▶ **What is expected**
Output exactly, with nothing added, the entries from the first line through the line with "Altenew Stencil Art".

Crawled caption data:
§ §
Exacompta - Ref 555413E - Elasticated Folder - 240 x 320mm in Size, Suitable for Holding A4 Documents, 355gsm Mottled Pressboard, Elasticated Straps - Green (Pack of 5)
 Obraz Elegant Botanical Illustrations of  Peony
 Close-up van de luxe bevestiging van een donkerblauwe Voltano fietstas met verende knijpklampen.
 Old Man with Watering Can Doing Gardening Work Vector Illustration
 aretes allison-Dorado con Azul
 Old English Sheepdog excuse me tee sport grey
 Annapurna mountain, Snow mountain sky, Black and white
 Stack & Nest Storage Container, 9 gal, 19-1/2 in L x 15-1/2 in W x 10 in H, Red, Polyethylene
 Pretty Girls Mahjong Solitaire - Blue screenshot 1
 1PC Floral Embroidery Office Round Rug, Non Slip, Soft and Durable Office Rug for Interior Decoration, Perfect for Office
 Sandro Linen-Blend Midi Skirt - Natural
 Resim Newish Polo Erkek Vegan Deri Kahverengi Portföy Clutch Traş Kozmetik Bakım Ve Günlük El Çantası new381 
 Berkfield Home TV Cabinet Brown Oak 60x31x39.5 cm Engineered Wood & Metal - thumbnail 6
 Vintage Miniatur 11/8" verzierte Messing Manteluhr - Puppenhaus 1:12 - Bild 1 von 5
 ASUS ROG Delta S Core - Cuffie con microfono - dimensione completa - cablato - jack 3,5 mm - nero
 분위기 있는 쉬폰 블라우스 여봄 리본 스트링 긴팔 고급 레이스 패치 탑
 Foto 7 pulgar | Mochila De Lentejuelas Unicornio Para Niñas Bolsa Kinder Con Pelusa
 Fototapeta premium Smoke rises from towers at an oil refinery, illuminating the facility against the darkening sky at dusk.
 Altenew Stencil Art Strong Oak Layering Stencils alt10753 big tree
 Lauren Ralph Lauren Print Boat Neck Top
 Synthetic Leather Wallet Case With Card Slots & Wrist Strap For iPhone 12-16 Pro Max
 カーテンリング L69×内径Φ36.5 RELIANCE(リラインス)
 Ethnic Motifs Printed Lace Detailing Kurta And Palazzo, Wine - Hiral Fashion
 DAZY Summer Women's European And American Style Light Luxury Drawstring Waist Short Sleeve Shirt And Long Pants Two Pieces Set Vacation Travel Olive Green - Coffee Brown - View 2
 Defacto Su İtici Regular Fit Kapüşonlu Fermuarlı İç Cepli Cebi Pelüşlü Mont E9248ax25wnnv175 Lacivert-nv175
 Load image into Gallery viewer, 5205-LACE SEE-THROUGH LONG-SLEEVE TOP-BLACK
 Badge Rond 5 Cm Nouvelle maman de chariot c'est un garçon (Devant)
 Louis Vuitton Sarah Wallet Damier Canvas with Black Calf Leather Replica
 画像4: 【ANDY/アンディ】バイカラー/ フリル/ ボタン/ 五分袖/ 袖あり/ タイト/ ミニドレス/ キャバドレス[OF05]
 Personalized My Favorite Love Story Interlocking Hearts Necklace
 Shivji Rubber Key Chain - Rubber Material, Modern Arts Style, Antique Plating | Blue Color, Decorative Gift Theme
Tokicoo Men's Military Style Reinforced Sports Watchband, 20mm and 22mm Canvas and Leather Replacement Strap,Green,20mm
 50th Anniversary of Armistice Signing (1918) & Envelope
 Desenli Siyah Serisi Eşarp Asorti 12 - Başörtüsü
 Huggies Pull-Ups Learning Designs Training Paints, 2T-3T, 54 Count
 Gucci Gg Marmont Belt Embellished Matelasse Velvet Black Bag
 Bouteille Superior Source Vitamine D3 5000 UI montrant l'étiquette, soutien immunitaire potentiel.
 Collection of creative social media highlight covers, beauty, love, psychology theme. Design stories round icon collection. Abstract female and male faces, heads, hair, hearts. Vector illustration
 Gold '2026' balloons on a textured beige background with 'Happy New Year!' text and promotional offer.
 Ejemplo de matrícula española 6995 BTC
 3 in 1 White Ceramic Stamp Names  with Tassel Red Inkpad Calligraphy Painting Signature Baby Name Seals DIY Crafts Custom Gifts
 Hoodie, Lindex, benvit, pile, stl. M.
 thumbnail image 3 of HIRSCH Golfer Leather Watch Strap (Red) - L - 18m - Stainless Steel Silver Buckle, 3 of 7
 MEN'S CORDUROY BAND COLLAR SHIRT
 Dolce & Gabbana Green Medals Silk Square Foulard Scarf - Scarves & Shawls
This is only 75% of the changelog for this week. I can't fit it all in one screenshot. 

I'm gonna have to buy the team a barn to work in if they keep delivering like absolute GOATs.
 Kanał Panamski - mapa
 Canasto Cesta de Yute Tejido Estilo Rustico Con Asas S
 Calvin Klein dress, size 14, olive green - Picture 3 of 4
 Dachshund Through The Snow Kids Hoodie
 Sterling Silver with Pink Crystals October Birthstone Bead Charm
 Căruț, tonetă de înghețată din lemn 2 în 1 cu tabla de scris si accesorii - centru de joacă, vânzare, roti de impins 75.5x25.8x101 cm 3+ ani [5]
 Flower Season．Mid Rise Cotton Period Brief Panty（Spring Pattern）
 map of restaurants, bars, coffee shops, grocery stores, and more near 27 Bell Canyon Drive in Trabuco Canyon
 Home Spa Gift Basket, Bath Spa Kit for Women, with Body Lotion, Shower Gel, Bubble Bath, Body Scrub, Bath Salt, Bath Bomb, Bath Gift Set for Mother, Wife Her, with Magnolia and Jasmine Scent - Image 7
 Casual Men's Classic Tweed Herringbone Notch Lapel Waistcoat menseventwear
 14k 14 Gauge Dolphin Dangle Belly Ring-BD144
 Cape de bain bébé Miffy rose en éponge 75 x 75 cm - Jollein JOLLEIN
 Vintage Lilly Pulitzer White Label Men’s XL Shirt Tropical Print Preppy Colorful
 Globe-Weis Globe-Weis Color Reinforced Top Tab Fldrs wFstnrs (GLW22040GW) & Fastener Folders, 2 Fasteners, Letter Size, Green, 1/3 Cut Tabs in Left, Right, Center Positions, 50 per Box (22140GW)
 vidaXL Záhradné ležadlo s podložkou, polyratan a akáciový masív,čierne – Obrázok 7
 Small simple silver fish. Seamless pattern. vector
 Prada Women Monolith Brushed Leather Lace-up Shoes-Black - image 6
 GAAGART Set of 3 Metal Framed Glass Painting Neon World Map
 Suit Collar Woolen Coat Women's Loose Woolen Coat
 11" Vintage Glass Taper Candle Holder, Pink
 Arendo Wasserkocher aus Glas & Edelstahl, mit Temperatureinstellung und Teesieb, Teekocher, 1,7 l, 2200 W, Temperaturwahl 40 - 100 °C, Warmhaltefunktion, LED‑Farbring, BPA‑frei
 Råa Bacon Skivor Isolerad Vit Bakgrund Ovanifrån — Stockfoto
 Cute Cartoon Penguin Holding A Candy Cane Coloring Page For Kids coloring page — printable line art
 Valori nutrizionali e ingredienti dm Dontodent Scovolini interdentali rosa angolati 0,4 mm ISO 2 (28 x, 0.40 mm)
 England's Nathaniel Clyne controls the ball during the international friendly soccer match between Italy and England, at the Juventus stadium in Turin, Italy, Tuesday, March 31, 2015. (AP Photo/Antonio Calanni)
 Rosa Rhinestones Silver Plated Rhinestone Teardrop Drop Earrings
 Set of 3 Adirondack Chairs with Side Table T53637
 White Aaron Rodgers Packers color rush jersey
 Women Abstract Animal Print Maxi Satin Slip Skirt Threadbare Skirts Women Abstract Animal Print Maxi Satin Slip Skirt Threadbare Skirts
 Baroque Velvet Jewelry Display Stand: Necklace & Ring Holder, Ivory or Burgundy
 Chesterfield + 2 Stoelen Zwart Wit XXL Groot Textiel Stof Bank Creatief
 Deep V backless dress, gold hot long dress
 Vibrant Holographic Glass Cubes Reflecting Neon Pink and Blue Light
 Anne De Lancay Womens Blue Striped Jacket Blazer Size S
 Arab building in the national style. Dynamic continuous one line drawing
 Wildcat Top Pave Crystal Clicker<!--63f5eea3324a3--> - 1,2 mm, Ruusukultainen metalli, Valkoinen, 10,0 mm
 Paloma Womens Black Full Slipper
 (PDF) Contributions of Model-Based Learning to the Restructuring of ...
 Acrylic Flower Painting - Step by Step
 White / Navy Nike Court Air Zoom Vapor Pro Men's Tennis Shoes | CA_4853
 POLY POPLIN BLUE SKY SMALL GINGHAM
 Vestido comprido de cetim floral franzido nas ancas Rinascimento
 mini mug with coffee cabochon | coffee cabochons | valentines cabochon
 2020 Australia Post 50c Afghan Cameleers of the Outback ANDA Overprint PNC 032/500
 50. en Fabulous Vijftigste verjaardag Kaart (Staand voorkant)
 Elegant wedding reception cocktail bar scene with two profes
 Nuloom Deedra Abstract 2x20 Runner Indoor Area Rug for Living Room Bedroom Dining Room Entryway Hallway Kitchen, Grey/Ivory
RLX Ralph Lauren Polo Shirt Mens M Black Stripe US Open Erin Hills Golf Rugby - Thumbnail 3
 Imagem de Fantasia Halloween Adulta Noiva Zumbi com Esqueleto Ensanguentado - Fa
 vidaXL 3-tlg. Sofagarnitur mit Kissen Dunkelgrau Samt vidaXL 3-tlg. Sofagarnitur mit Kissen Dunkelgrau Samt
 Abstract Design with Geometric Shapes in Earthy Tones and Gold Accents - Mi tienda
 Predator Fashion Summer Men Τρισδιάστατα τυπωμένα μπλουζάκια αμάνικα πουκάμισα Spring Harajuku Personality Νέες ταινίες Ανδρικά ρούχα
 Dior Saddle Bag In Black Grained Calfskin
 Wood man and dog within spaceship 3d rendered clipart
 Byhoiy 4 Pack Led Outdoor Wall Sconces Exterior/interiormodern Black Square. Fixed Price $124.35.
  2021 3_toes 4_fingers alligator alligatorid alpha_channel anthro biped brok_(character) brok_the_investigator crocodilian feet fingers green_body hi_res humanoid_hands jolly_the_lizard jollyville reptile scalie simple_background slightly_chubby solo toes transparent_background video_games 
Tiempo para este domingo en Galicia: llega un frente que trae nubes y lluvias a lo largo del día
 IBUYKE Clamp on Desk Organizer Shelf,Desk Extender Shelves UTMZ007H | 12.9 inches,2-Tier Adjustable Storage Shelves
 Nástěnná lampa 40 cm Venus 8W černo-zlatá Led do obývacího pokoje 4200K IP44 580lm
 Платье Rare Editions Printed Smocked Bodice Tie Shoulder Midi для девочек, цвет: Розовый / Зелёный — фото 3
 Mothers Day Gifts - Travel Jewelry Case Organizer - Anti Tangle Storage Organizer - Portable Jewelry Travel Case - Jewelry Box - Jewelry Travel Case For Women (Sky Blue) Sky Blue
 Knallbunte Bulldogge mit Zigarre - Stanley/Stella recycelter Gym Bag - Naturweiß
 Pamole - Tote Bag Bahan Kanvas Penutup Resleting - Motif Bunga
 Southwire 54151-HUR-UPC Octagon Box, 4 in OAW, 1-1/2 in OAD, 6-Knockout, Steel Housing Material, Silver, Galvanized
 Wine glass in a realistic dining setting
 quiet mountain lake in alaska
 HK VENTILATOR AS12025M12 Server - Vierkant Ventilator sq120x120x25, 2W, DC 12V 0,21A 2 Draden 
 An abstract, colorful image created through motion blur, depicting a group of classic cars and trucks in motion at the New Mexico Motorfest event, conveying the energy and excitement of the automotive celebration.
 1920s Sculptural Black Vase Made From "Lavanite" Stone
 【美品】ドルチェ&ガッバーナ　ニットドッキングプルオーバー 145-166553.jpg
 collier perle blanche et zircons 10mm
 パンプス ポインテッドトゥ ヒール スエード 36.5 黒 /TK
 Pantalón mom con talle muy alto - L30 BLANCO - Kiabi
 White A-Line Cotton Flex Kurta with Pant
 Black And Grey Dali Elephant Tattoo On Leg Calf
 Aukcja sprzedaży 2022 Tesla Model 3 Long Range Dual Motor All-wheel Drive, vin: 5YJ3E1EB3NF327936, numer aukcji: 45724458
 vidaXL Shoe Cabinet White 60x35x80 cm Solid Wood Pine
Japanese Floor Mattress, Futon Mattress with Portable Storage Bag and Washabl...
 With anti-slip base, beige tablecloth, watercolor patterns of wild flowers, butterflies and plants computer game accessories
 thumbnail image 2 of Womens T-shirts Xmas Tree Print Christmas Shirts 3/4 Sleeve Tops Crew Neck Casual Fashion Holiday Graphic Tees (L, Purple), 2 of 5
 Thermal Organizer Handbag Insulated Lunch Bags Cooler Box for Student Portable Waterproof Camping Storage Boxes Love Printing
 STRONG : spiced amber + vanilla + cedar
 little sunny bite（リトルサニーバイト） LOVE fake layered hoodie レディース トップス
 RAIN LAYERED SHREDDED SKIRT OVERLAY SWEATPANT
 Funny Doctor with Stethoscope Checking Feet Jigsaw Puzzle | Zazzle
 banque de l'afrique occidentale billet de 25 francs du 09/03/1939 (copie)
§ §
▶ **Written reply**
Exacompta - Ref 555413E - Elasticated Folder - 240 x 320mm in Size, Suitable for Holding A4 Documents, 355gsm Mottled Pressboard, Elasticated Straps - Green (Pack of 5)
 Obraz Elegant Botanical Illustrations of  Peony
 Close-up van de luxe bevestiging van een donkerblauwe Voltano fietstas met verende knijpklampen.
 Old Man with Watering Can Doing Gardening Work Vector Illustration
 aretes allison-Dorado con Azul
 Old English Sheepdog excuse me tee sport grey
 Annapurna mountain, Snow mountain sky, Black and white
 Stack & Nest Storage Container, 9 gal, 19-1/2 in L x 15-1/2 in W x 10 in H, Red, Polyethylene
 Pretty Girls Mahjong Solitaire - Blue screenshot 1
 1PC Floral Embroidery Office Round Rug, Non Slip, Soft and Durable Office Rug for Interior Decoration, Perfect for Office
 Sandro Linen-Blend Midi Skirt - Natural
 Resim Newish Polo Erkek Vegan Deri Kahverengi Portföy Clutch Traş Kozmetik Bakım Ve Günlük El Çantası new381 
 Berkfield Home TV Cabinet Brown Oak 60x31x39.5 cm Engineered Wood & Metal - thumbnail 6
 Vintage Miniatur 11/8" verzierte Messing Manteluhr - Puppenhaus 1:12 - Bild 1 von 5
 ASUS ROG Delta S Core - Cuffie con microfono - dimensione completa - cablato - jack 3,5 mm - nero
 분위기 있는 쉬폰 블라우스 여봄 리본 스트링 긴팔 고급 레이스 패치 탑
 Foto 7 pulgar | Mochila De Lentejuelas Unicornio Para Niñas Bolsa Kinder Con Pelusa
 Fototapeta premium Smoke rises from towers at an oil refinery, illuminating the facility against the darkening sky at dusk.
 Altenew Stencil Art Strong Oak Layering Stencils alt10753 big tree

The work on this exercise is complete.